Paul Mpagi Sepuya’s photographs combine formal portraiture, elements of storytelling, and homoerotic imagery. His collaged-based photographs often include camera lenses and mirrors that lift the veil of his studio practice and highlight the works’ artifice and self-actuation. Sepuya’s images feature muses, friends, lovers and self-portraits in complex tangles and fragments that resonate with restraint, intimacy, and desire. His first museum solo exhibition is on view at the Contemporary Art Museum, St Louis, MO (May 17 – Aug 18, 2019) and his photographs are included in the seventy-ninth Whitney Biennial (May 17–September 22, 2019). An image from his series “Darkroom Mirrors” (2017) was featured on the cover of Artforum magazine, March 2019. 

Paul received his MFA from the University of California Los Angeles in 2016, and a BFA from New York University Tisch School of the Arts in 2004. His work has been exhibited at: the Museum of Contemporary Art, Los Angeles; The Studio Museum in Harlem; Franklin Art Works, Minneapolis; and the Artist Institute, New York. Public collections include: Museum of Modern Art, New York; Whitney Museum of American Art, New York; Solomon R. Guggenheim Museum, New York; International Center of Photography, New York; Irish Museum of Modern Art, Dublin; and the Carnegie Museum of Art, Pittsburgh. He currently lives and works in Los Angeles, CA and is represented by Susanne Vielmetter, Los Angeles, CA and Team Gallery, NY.
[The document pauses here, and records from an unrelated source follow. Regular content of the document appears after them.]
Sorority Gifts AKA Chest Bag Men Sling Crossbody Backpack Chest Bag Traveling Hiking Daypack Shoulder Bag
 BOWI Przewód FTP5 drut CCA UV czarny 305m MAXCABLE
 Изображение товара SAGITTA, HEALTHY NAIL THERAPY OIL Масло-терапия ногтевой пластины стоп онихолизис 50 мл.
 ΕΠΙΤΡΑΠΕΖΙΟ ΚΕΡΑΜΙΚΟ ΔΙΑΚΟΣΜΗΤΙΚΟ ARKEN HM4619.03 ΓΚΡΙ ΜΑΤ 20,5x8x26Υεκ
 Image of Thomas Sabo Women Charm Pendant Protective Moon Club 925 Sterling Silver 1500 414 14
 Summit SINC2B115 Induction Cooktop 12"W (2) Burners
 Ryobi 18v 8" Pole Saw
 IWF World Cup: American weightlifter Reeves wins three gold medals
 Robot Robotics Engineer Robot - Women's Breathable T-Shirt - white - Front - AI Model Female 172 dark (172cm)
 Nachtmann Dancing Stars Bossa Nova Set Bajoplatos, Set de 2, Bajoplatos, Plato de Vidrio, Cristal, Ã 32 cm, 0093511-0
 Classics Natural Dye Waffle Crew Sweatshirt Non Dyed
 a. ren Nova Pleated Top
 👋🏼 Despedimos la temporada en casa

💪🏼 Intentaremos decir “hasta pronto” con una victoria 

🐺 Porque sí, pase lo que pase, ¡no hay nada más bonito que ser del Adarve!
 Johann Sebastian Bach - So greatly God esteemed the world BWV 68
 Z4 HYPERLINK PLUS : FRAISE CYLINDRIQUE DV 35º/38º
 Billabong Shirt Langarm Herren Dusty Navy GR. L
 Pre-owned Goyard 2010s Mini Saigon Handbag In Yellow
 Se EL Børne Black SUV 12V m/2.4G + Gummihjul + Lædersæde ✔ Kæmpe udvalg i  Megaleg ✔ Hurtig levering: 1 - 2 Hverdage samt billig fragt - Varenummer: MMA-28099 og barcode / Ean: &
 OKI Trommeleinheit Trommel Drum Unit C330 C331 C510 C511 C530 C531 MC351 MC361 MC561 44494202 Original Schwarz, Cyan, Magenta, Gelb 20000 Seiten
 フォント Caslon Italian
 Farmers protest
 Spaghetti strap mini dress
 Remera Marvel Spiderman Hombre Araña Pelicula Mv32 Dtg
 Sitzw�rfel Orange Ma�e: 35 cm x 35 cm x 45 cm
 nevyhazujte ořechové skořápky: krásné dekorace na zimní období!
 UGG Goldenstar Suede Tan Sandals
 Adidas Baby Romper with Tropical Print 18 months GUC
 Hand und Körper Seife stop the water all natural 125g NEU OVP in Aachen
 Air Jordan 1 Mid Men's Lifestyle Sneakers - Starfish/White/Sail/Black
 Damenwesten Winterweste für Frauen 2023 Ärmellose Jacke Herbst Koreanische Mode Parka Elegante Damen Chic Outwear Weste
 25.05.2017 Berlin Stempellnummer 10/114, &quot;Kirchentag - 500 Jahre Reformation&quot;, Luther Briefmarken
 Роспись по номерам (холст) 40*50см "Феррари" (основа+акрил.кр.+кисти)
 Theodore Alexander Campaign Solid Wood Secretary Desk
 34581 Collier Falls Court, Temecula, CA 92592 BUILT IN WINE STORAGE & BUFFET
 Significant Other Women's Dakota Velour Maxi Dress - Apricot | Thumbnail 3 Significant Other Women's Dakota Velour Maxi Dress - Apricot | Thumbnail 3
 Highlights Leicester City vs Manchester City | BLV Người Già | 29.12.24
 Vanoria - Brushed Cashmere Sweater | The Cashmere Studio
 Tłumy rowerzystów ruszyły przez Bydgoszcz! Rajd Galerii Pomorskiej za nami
Tuesday Smillie is an interdisciplinary artist whose works address trans-feminist politics, binaries of inclusion and exclusion, and the relationship between individuals and groups. Her large, collaged textiles function as protest banners while also acting as citational fields for literary and personal texts. In other works in the exhibition, Smillie explores an imaginary of reading and gender performance in her ongoing series of watercolors depicting various editions of Ursula K. Le Guin’s 1969 novel The Left Hand of Darkness. Her work is currently featured in the exhibition “Nobody Promised You Tomorrow: Art 50 Years After Stonewall,” at the Brooklyn Museum, NY, commemorating the anniversary of the 1969 Stonewall Uprising. Smillie will be an artist in residence at the Robert Rauschenberg Foundation in Captiva, FL in 2020. 

Tuesday was born in Boston, Massachusetts and moved to Portland, Oregon in 2001, where she received her BFA from Oregon College of Art & Craft in 2007. Her work has been shown across the United States and Canada, including recent solo exhibitions at the Rose Art Museum in Waltham, MA, Participant Inc., New York, NY, Haverford College, Haverford, PA, and group exhibitions at the New Museum, NY, Artist Space, NY, Rubin Museum, New York, NY, and Fort Worth Contemporary Arts, Fort Worth, TX. In 2014 Smillie was named the first resident artist by the Museum of Trans Hirstory & Art (MOTHA). Her work has been featured in Artforum; the Boston Globe; and New York Magazine, and she has lectured at Cornell University, Ithaca and the Whitney Museum of American Art, New York. She currently lives and works in Brooklyn, NY. 

Converge 45 is a nonprofit organization that provides a curatorial platform for the visual arts in Portland and the surrounding region. Through annual programming led by a Guest Artistic Director in collaboration with cultural partners, the organization supports the region’s arts ecology and expands the conversation around contemporary art. The 2019 – 2021 Artistic Director is Lisa Dent.